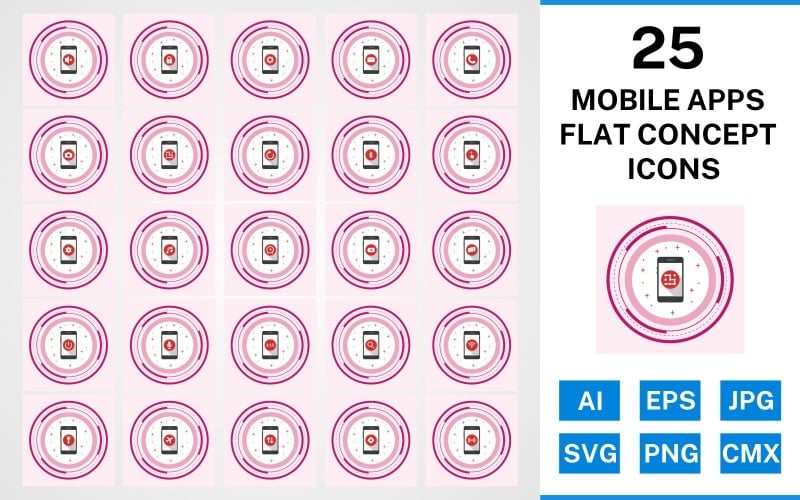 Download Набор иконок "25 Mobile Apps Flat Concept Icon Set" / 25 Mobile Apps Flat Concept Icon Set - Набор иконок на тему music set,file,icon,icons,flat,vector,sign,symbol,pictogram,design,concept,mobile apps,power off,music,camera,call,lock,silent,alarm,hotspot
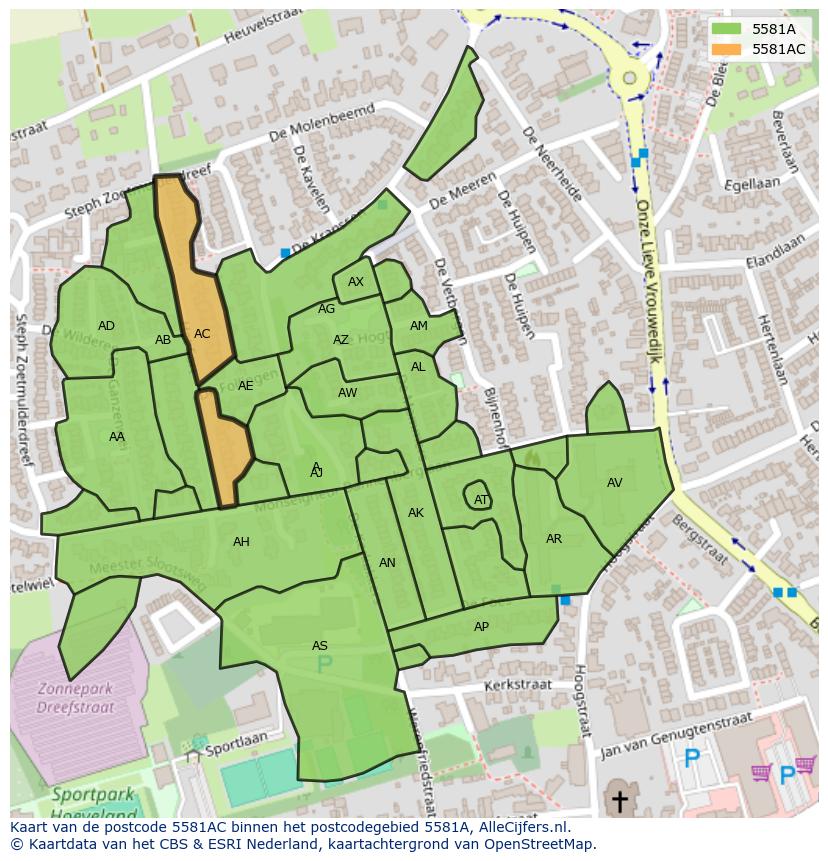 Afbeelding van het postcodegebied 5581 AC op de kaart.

---

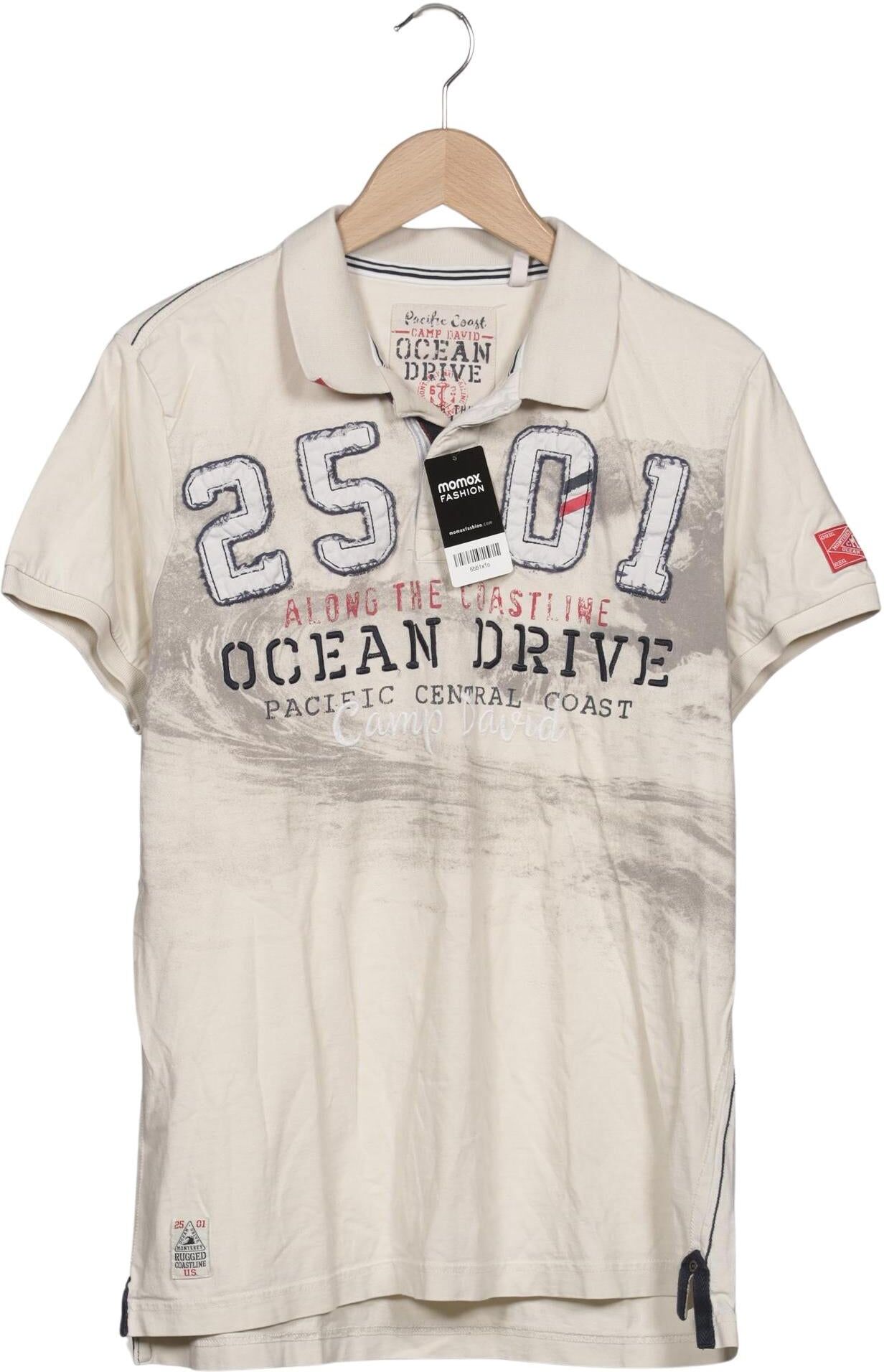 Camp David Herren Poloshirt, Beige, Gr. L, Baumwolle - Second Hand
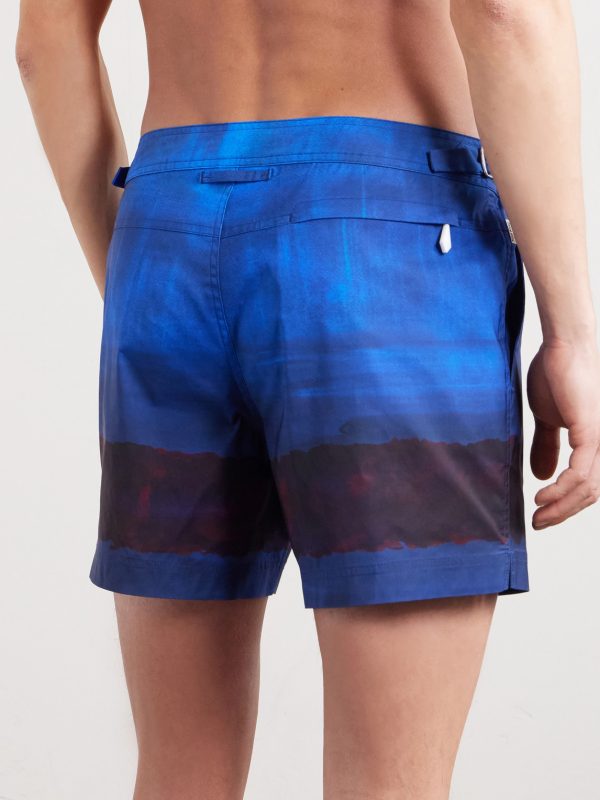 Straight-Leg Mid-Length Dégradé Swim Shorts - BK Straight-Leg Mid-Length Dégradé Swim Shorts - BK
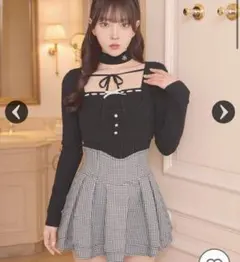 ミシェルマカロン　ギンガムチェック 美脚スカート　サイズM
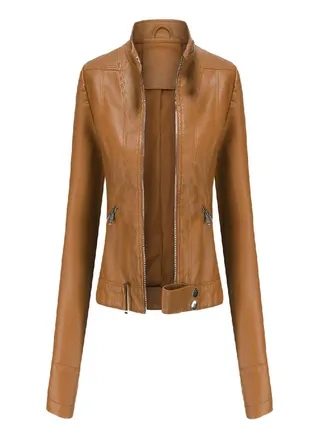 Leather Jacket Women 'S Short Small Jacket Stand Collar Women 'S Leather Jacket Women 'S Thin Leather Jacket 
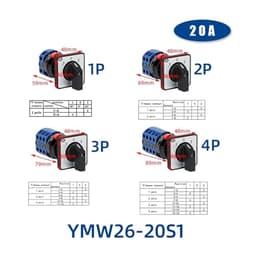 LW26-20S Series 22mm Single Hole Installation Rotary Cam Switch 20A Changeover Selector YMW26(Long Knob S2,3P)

* * *

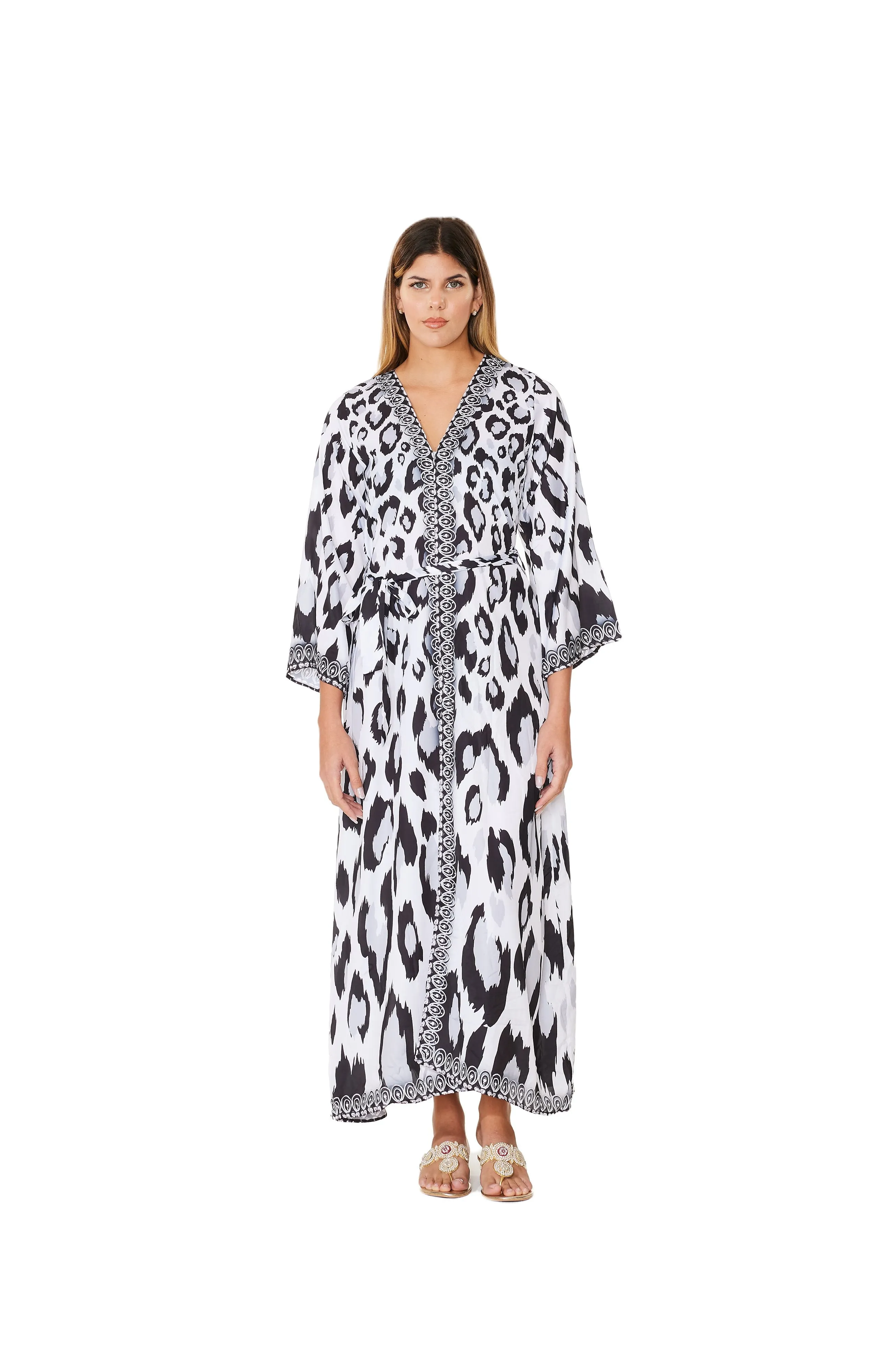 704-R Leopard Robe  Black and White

▶ _Work item_:
Copy word for word the lines above, starting at the line containing "Leather Jacket Women 'S Short" and ending at the line containing "LW26-20S Series 22mm", inclusive, with no pictures.

▶ _Task answer_:
 Leather Jacket Women 'S Short Small Jacket Stand Collar Women 'S Leather Jacket Women 'S Thin Leather Jacket 
 LW26-20S Series 22mm Single Hole Installation Rotary Cam Switch 20A Changeover Selector YMW26(Long Knob S2,3P)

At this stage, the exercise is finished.